Highly respected art critic, writer, and a well-known documentary maker Robert Hughes was born on July 28, 1938 in Sydney, Australia. He is the son of Geoffrey Forrest Hughes and Margaret Eyre Sealy. His father and grandfather both were reputed lawyers. Hughes has an older brother Tom Hughes who is also a lawyer and has been the former Attorney General of Australia. Robert Hughes lost his father to lung cancer at the young age of 12. He finished his college studies from St Ignatius in Riverview and later went to the University of Sydney to study arts and architecture. At the time, he joined a progressive sub cultural group ‘Sydney Push’ that consisted of intellectual artist, writers, and drinkers. Around 1961, Hughes dabbled with poetry and painting, but was hugely criticized for his lack of originality.
Robert Hughes left university to become an art critic for aged care certificate Sydney periodical ‘The Observer.’ He also worked with newspapers, like ‘The Sunday Mirror’ and ‘The Nation’ as a cartoonist initially and then a critic. In 1964, he left Australia and moved to Italy. A year later, he settled in London. He began with writing for ‘The Spectator,’ ‘The Daily Telegraph,’ and ‘The Observer.’ In 1970, he received an offer from ‘TIME’ magazine and moved to New York. This position brought him great recognition as an art critic. Hughes lent his voice for a narration in the film ‘Protected’ in 1975, which was based on the life of Indigenous Australian on Palm Island. In 1978 Hughes was hired to co-host a show for ABC News (News magazine 20/20), but he was almost immediately replaced due to bad reviews.

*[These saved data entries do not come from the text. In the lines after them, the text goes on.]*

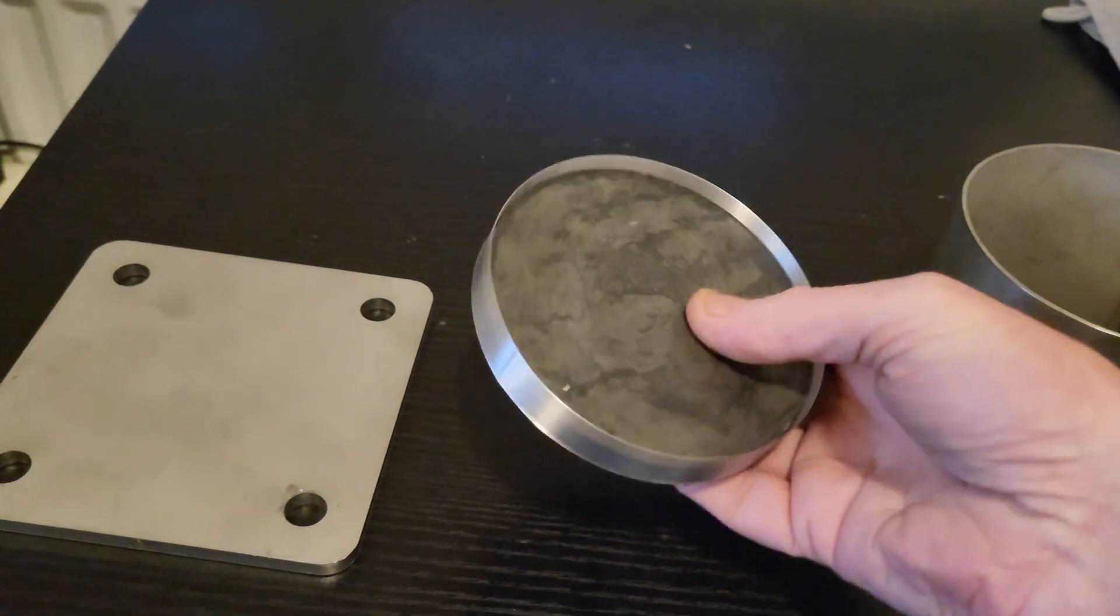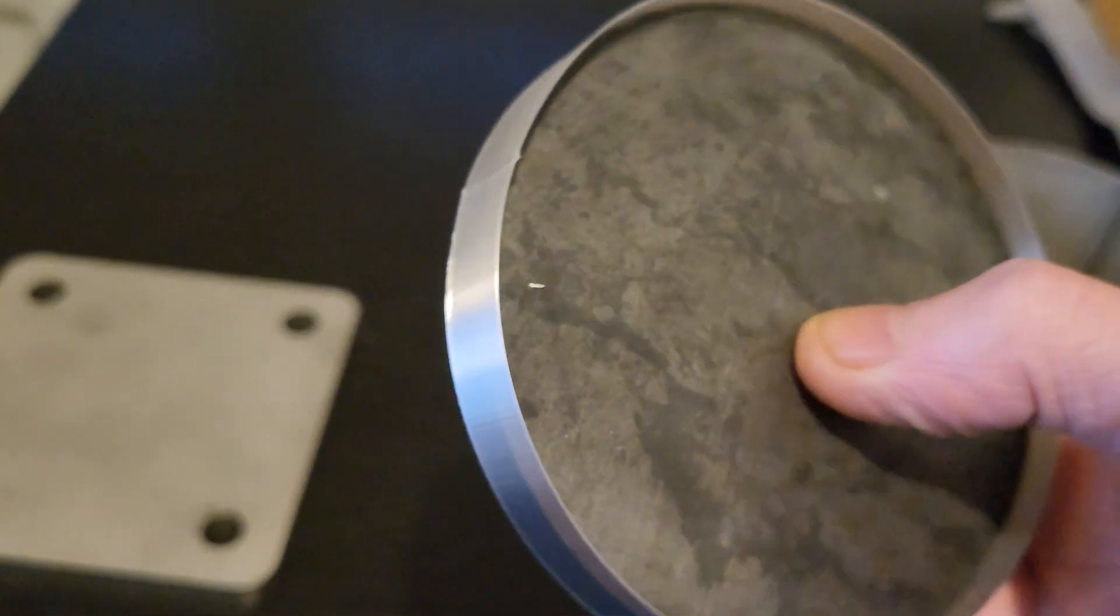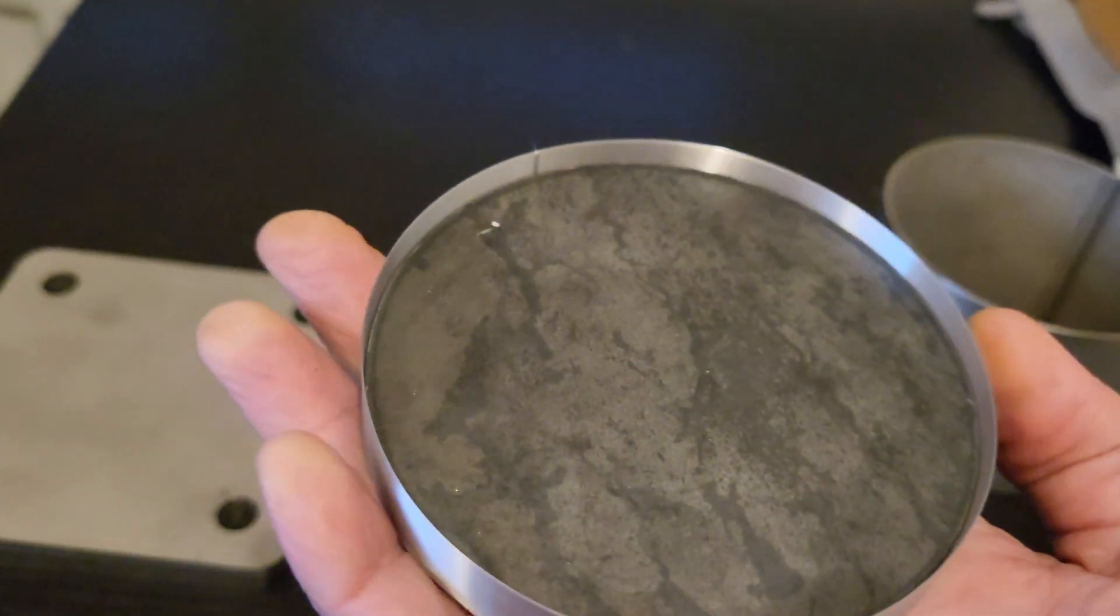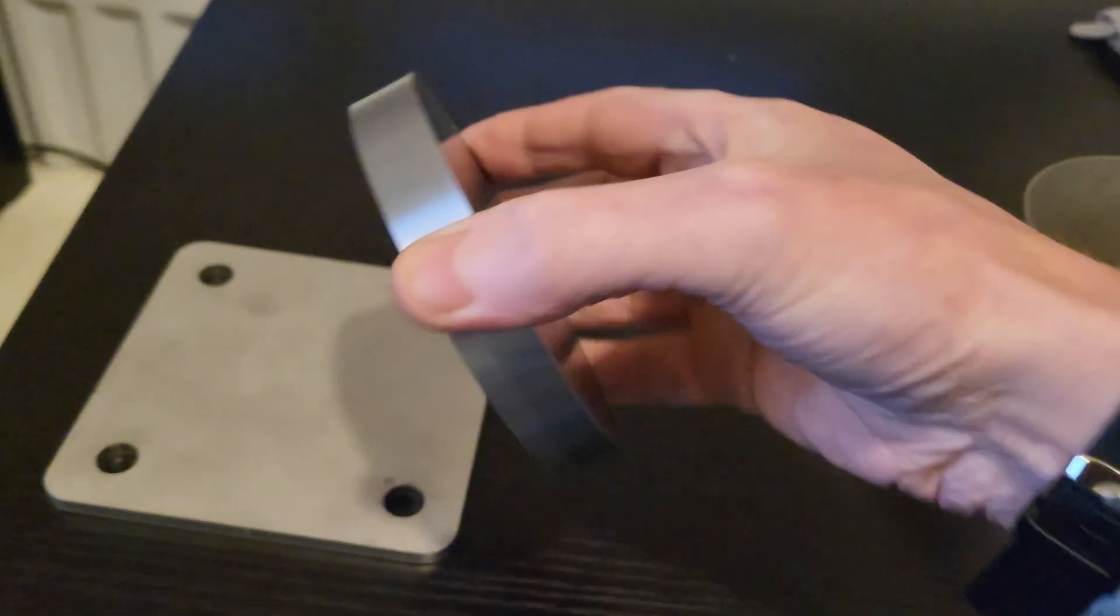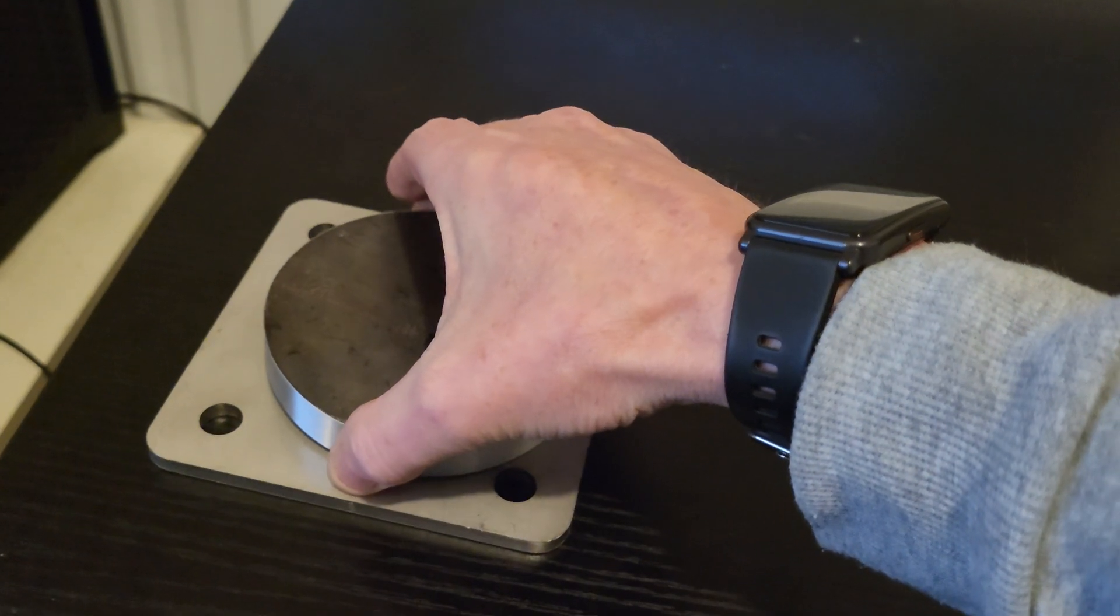And then this, another steel plate with a 3D printed ring around it to contain the powder, will be placed on top.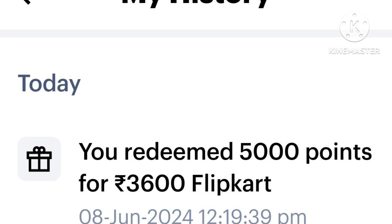In Flipkart, we can use the same product for 3,600 points. We can use the same things in Flipkart. There is a survey site, and we can use a product in Flipkart as a gift card.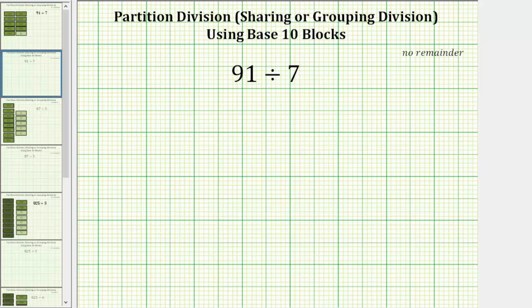Welcome to an example of partition division, also referred to as sharing or grouping division, using base 10 blocks. We want to consider the quotient 91 divided by seven. We will view this quotient as having 91 and then breaking this up into seven groups with each group having the same amount.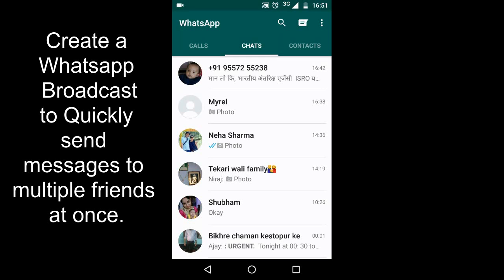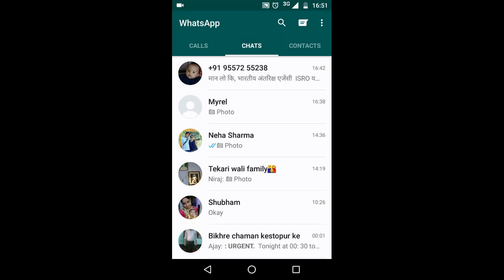Let's say there are five people, 10 people, or 100 friends of yours you want to send some messages to in a matter of days.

Robert Hughes created an insightful television documentary called ‘The Shock of New,’ for BBC, which reflected on the evolution of Modern Art. He even wrote a book by the same name, which was published in 1981. Hughes wrote some brilliant books on art history as well, for e.g. ‘The Art of Australia’ (1966) and ‘The Epic History of Art in America’ (1997). His other book ‘The Fatal Shore’ based on British penal colonies went on to become an international best seller. Hughes made several other documentaries mostly involving artists or art histories (like American visions and one on Francisco Goya). Robert Hughes was highly opinionated. He is known for his straightforwardness.